List::MergeSorted::XS - Fast merger of presorted lists

SYNOPSIS

  use List::MergeSorted::XS 'merge';

  # merge plain integer lists
  @lists = ([1, 3, 5], [2, 6, 8], [4, 7, 9]);
  merge(\@lists); # [1..9]

  # return only beginning of union
  merge(\@lists, limit => 4); # [1..4]

  # remove duplicates
  @lists = ([1, 2], [0, 2, 3], [3, 4]);
  merge(\@lists, uniq_cb => sub { $_[0] }); # [0..4]

  # merge complicated objects based on accompanying integer keys
  @lists = ([
              [1 => 'x'], [3 => {t => 1}]
            ],
            [
              [2 => bless {}, 'C'], [4 => 5]
            ]);
  $sorted = merge(\@lists, key => sub { $_[0][0] });

DESCRIPTION

This module takes a set of presorted lists and returns the sorted union of those lists.

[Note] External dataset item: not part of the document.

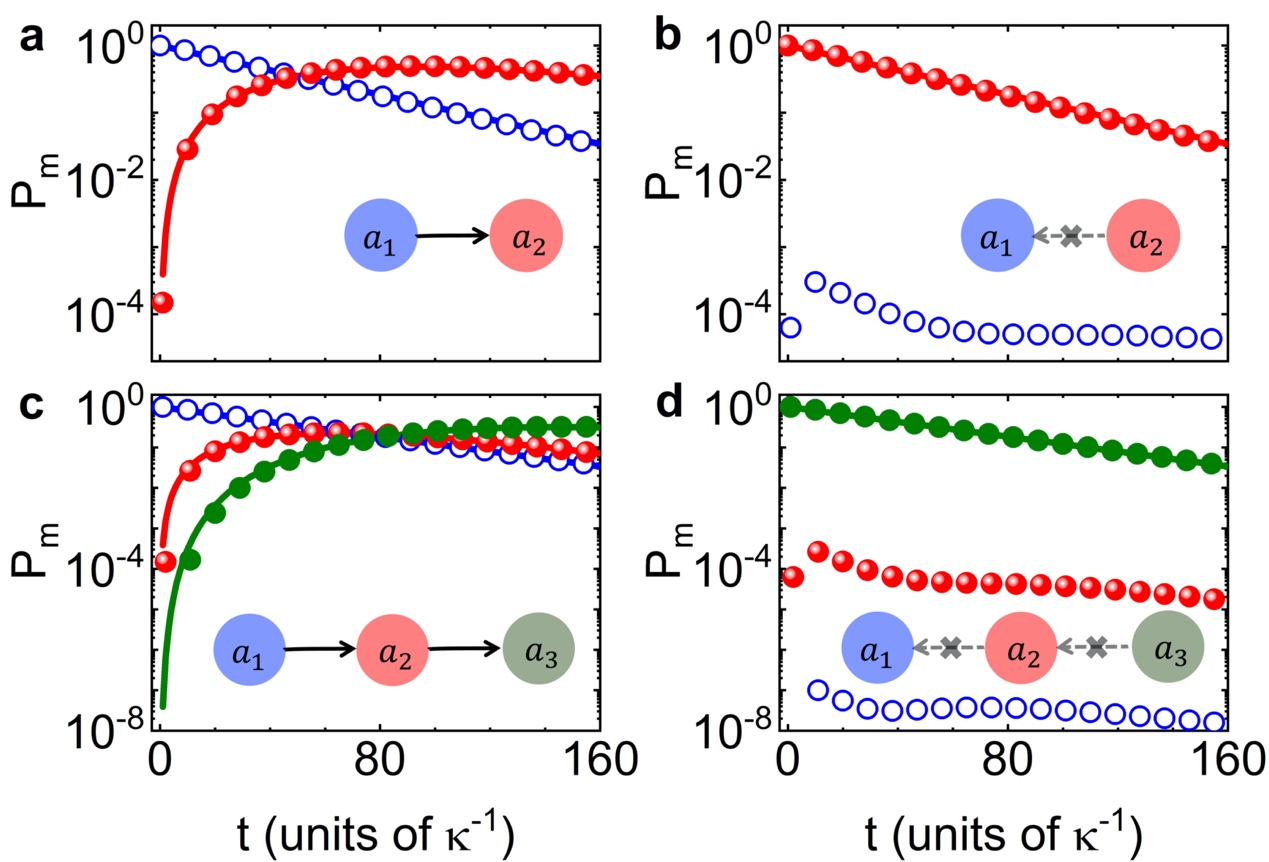 2025新澳门开门原料免费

To maximize speed, an appropriate algorithm is chosen heuristically based on the size of the input data; additionally, efficient C implementations of the algorithms are used.

FUNCTIONS

$merged = merge(\@list_of_lists, %opts)

Computes the sorted union of a set of lists of integers. The first parameter must be an array reference which itself contains a number of array references. The result set is returned in an array reference.

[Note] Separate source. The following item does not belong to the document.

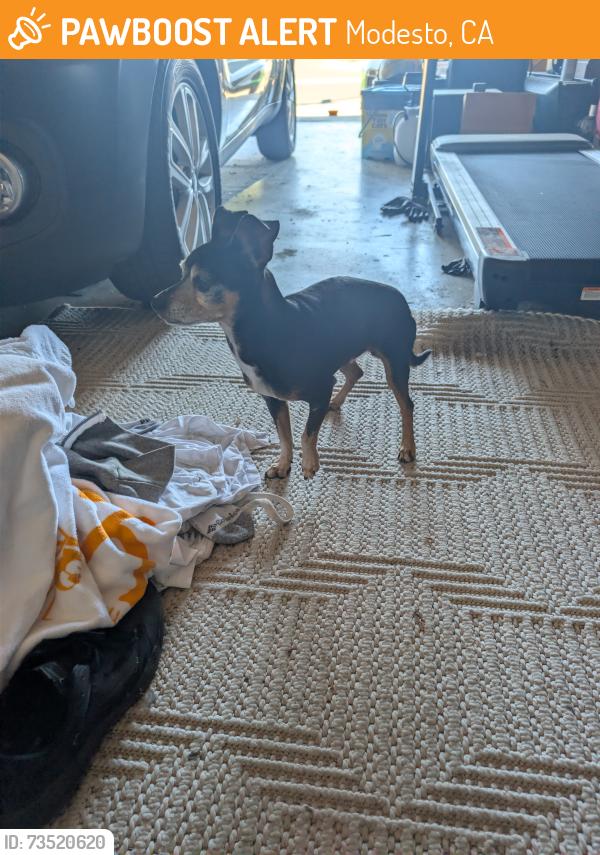 Found/Stray Male Dog last seen Briggsmore Claus, Modesto, CA 95355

The constituent lists must meet these preconditions for correct behavior:

  • either each element of each list is an integer or an integer may be computed from the element using the keyer parameter below

  • each list is pre-sorted in ascending order

merge's behavior may be modified by additional options passed after the list:

  • limit

    Specifies a maximum number of elements to return. By default all elements are returned.

  • key_cb

    Specifies a callback routine which will be passed an element of an inner list through @_. The routine must return the integer value by which the element will be sorted. In effect, the default callback is sub {$_[0]}. This allows more complicated structures to be merged.

  • uniq_cb

    Specifies a callback routine which will be passed an element of an inner list through @_. The routine must return the integer value which identifies the element in some sense. Elements with the same identity value will not be duplicated in the output. Elements with the same identity must also have the same key.

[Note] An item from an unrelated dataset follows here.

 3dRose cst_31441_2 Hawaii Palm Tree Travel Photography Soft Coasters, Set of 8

    If no uniq_cb is passed, duplicates are allowed in the output.

NOTES

Only ascending order is supported. To merge lists which sorted in descending order, use key_cb = sub { -$_[0] }>.

EXPORT

None by default, merge at request.

ALGORITHM

The algorithm used to merge the lists is heurisitcally chosen based on the number of lists (N), the total number of elements in the lists (M), and the requested limit (L). (The heuristic constants were determined by analysis of benchmarks on a 2.5GHz Intel Xeon where all data fit in memory.)

When there are many lists and the element limit is a significant fraction of the total element count (L/M > 1/4), perl's built-in sort is used to order the concatenated lists. The time complexity is O(M log M). Since this method always processes the full list it cannot short-circuit in the highly-limited case, as do the priority queue methods.

When L is a smaller fraction of M, a priority queue is used to track the list heads. For small N, this is implemented as a linked list kept in sorted order (using linear-time insertion), yielding time complexity of O(L N). For large N, a Fibonacci heap is used, for a time complexity of O(L log N). The linked list has less bookkeeping overhead than the heap, so it is more efficient for fewer lists.

To force a particular implementation, set the package variable $MERGE_METHOD to one of these constants:

  • List::MergeSorted::XS::SORT

  • List::MergeSorted::XS::PRIO_LINEAR

  • List::MergeSorted::XS::PRIO_FIB

TODO

* Support comparitive orderings, where no mapping from elements to integers exists but a well-defined ordering exists for which a comparison callback callback can be provided.

* Allow modification of the heuristics based on local benchmarks.

AUTHOR

Adam Thomason, <athomason@cpan.org>

COPYRIGHT AND LICENSE

Copyright (C) 2010 by Say Media Inc <cpan@saymedia.com>

This library is free software; you can redistribute it and/or modify it under the same terms as Perl itself, either Perl version 5.8.6 or, at your option, any later version of Perl 5 you may have available.